TASK REQUIREMENTS>
Go through the listing below and retype exactly the lines starting at the one with "Hello, dear friends." and ending at the one with "Hello everybody and", skipping pictures.

(Beginning of MATERIAL PROVIDED)

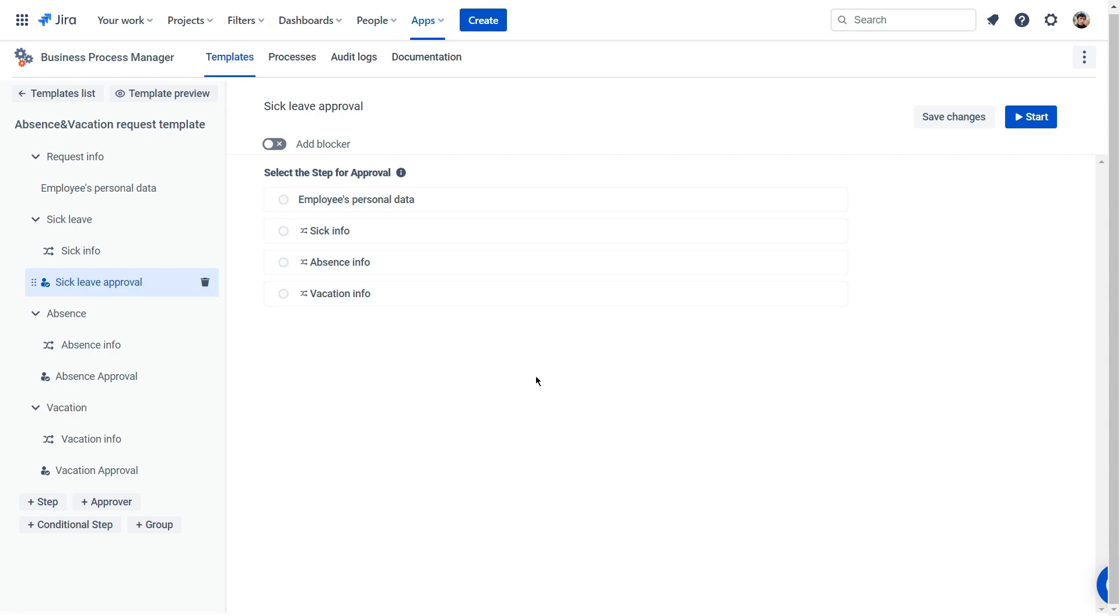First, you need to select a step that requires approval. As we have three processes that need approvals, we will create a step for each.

(End of MATERIAL PROVIDED)
(Beginning of MATERIAL PROVIDED)

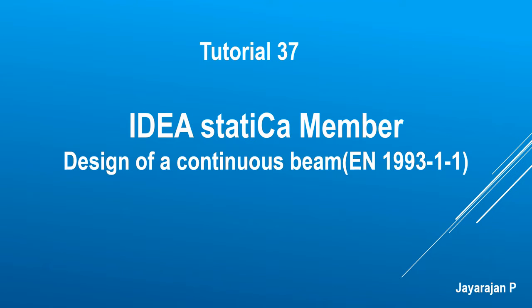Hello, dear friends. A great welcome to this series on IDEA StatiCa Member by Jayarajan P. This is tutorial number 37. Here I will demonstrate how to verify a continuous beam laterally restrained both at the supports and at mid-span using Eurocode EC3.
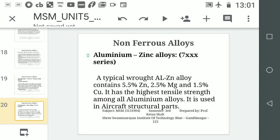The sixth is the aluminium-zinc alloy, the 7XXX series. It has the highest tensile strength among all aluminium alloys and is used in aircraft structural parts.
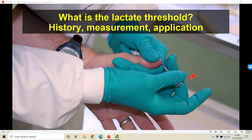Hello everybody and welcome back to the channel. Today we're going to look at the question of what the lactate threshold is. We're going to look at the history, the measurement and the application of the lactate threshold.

(End of MATERIAL PROVIDED)
(Beginning of MATERIAL PROVIDED)

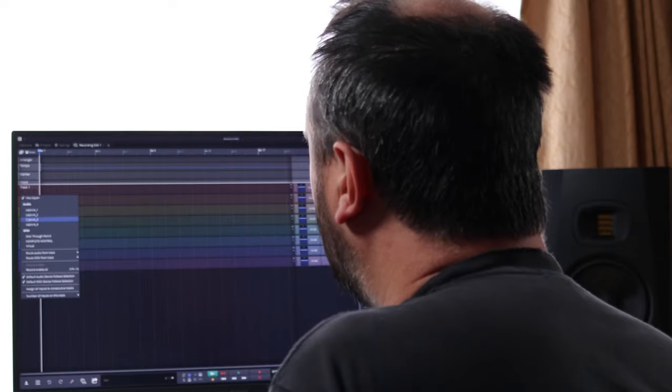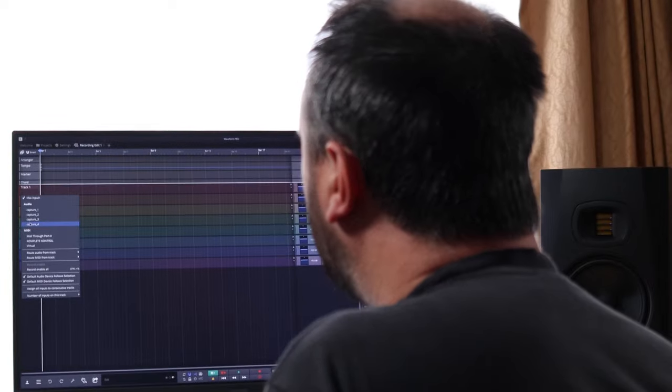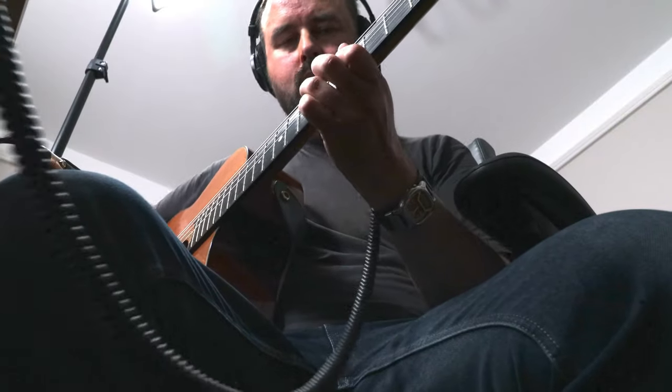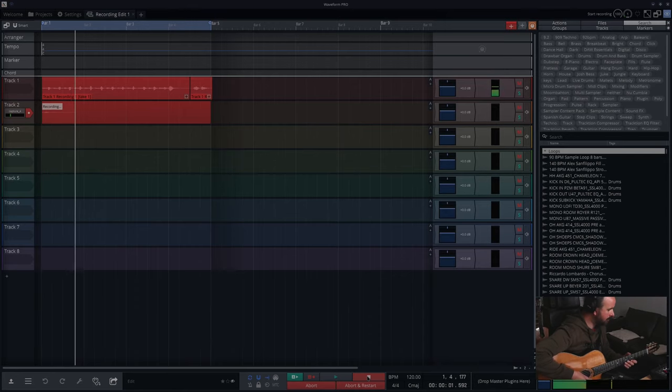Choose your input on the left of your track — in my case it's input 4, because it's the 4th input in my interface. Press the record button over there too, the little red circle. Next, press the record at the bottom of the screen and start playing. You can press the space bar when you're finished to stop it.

(End of MATERIAL PROVIDED)

OUTPUT OF THE EXERCISE>
Hello, dear friends. A great welcome to this series on IDEA StatiCa Member by Jayarajan P. This is tutorial number 37. Here I will demonstrate how to verify a continuous beam laterally restrained both at the supports and at mid-span using Eurocode EC3.
The sixth is the aluminium-zinc alloy, the 7XXX series. It has the highest tensile strength among all aluminium alloys and is used in aircraft structural parts.
Hello everybody and welcome back to the channel. Today we're going to look at the question of what the lactate threshold is. We're going to look at the history, the measurement and the application of the lactate threshold.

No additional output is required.